Their radio and control mechanisms were the essence of simplicity. At a time when all of their competitor’s planes carried receivers with 3- and 4-tube circuits, the Good brothers’ radio receiver was a one tube affair with a minimum of electrical components. Their homemade relay was so sensitive that it could be activated by a current change of 1/2 milliamp! They also designed and made their 1 -ounce, rubber-band powered escapement mechanism. Before going to the Nationals in 1939, the two brothers had accumulated over 60 controlled flights in southern Michigan. Their diligent efforts paid off with a first-place score of 89 points; the second-place winner scored only 11 points. The Good brothers repeated their first place win in the 1940 Nationals and once more after the end of WW II, in 1947.
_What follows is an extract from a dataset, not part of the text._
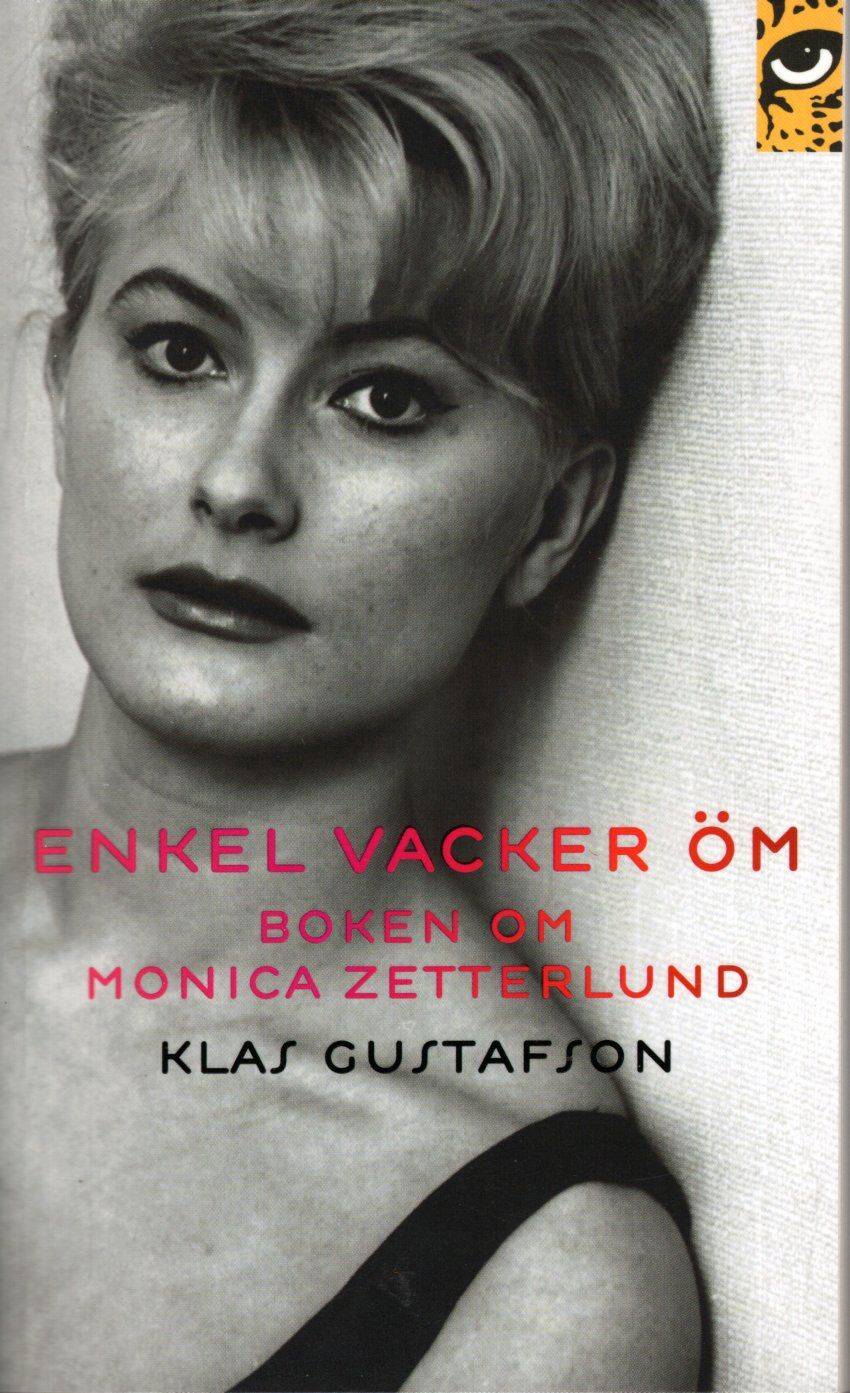 Enkel vacker öm. Boken om Monica Zetterlund av Klas Gustafson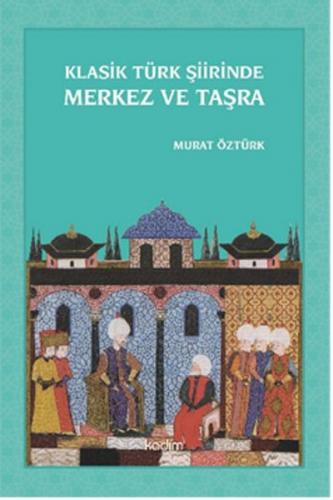 Klasik Türk Şiirinde Merkez ve Taşra - Murat Öztürk - Kadim Yayınları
Their historic R/C model airplane, which they affectionately named the “Guff,” was presented to the National Air and Space Museum in Washington, D.C., in May, 1960, where it can be seen today. Both brothers continued their education and subsequently earned doctorates in physics. After pursuing careers in electronics research and teaching, they retired, but they’re still very active in electronics. Walt lives in Florida, and Bill resides in upstate New York. They communicate constantly with each other using their ham radios.
No story on the early days of R/C would be complete without recognizing the work of Joseph Raspante. Unlike most of the early pioneers of R/C, who were basically model airplane builders teamed up with ham-radio specialists, Joe Raspante was a superb designer and builder of early gas models as well as a competent electronic technician. His R/C system was unique in that he used a telephone dial to select various control functions. He placed second in the 1939 R/C Nationals and third in the 1940 event. Raspante was generous, and he shared his knowledge with young builders in years that followed. Walter Good remembers that when thieves stole his brother’s R/C transmitter from their hotel the day before the 1940 Nationals, Raspante offered the use of his own transmitter. This gesture was especially meaningful, because the Good brothers had defeated him in the 1939 Nationals. Raspante finally won the first place he yearned for at the 1946 NY Daily Mirror contest at Grumman airfield. It was my privilege to see him fly there. With the advent of the transistor and the integrated microcircuits, today’s R/C builder hardly has any of the frustrations of the early pioneers.
In retrospect, however, we see that most of the pioneer’s dedicated efforts were largely foiled by overly complex electrical designs. But without their perseverance, I doubt that R/C flight would have progressed as quickly to where it is today.